# HIRES BOTTLE w/ PAPER LABEL / 1904 ST LOUIS EXPOSITION



## SODAPOPBOB (Apr 20, 2013)

I attended an antique show in Del Mar, California yesterday and purchased a (quart size) Hires Root Beer bottle with an original paper label. The bottle itself is dark green and has a "push up" bottom but does not have a visible mold seam. It still has it's original cap and partial contents. 

 The paper label reads as follows, top to bottom, left to tight ...

 Neck Label:

 Bottled Expressly For
 Universal Exposition
 St. Louis

 Mid Label: With image of the Hires "Ugly Kid" holding a glass.

 Keep In A Cool Place
 Hires / Stands for Purity
 Do Not Put Ice In Glass
 Registered

 Bottom Label:

 Diplomas & Medals Awarded
 Hires
 Improved
 Rootbeer
 Healthfuf, Sparkling, Appetizing

 Made from
 Malvern Springs Water

 Bottled Exclusively By
 The Charles E. Hires Co.  Malvern, Pa. U.S.
 Registered

 I did some research and came up with the following ...

 1904 St Louis Exposition / Wikipedia
 http://en.wikipedia.org/wiki/Louisiana_Purchase_Exposition 


 1904 -- Charles Hires also experimented with making condensed milk. By 1904 he had a condensed milk plant in Malvern, Pennsylvania
 http://www.cooksinfo.com/charles-hires

 Read more: http://www.cooksinfo.com/charles-hires#ixzz2R0mSHWG6

 Malvern, Pennsylvania / Wikipedia
 http://en.wikipedia.org/wiki/Malvern,_Pennsylvania

 Hires / Digger O'Dell
 http://www.bottlebooks.com/hires.htm

 Hires Card / eBay / 1904 St Louis Exposition
 http://www.ebay.com/itm/310654307671?ssPageName=STRK:MEWAX:IT&_trksid=p3984.m1438.l2649  

 I also did an extensive search and could not find another one like it!

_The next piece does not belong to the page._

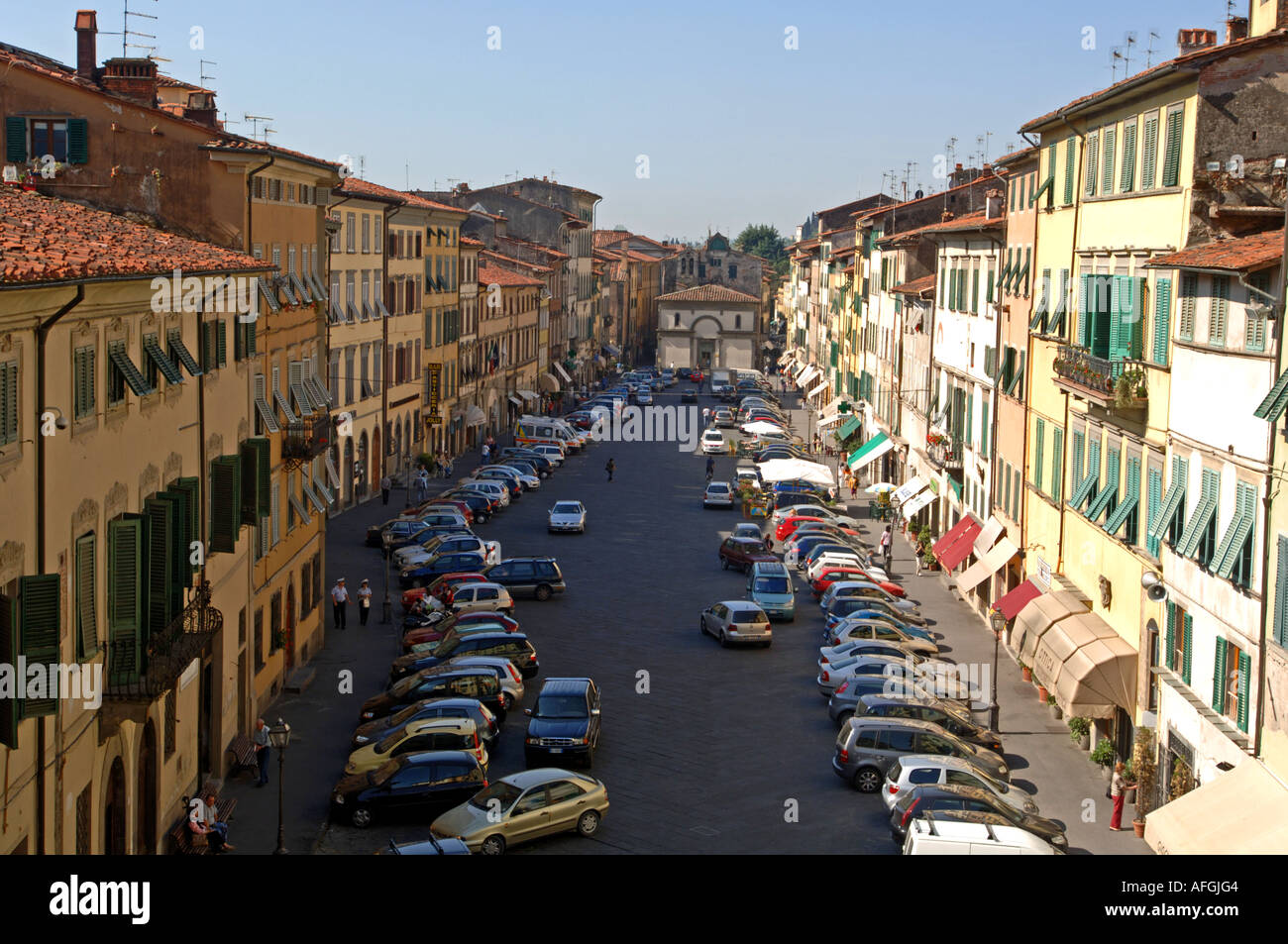 Pescia, Toscana Italia Foto Stock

 Several pictures to follow, including this one ...

 [ Full Image ]


----------



## SODAPOPBOB (Apr 20, 2013)

[  Neck Label ]


----------



## SODAPOPBOB (Apr 20, 2013)

[ Mid Label ]


----------



## SODAPOPBOB (Apr 20, 2013)

[  Bottom Label  ]


----------



## SODAPOPBOB (Apr 20, 2013)

[  Cap w/ 22 Point Grips ~ The oldest Crown cap I have ever seen / 1904  ]


----------



## SODAPOPBOB (Apr 20, 2013)

[ Card from above eBay link ~ Original 1904 St Louis Exposition ]


----------



## SODAPOPBOB (Apr 20, 2013)

[  This is what I believe the cap looked like originally, but not sure. The one on the bottle is totally corroded away ]


----------



## SODAPOPBOB (Apr 20, 2013)

If you are familiar with this bottle and/or have any information regarding it, please let me know.

 Thanks a lot

 Sodapopbob


----------



## splante (Apr 20, 2013)

no info but great bottle


----------



## SODAPOPBOB (Apr 20, 2013)

This picture shows one of five "Oasis" (stands) that Hires Root Beer had at the 1904 St Louis Exposition/World's Fair ...


----------



## SODAPOPBOB (Apr 20, 2013)

The Hires card pictured below, and also shown on the attached eBay link, indicates the locations of the five different Hires Oasis/Stands at the 1904 St Louis world's fair. Using the "fun map" of the fair, see if you can find the location of the five Hires stands. 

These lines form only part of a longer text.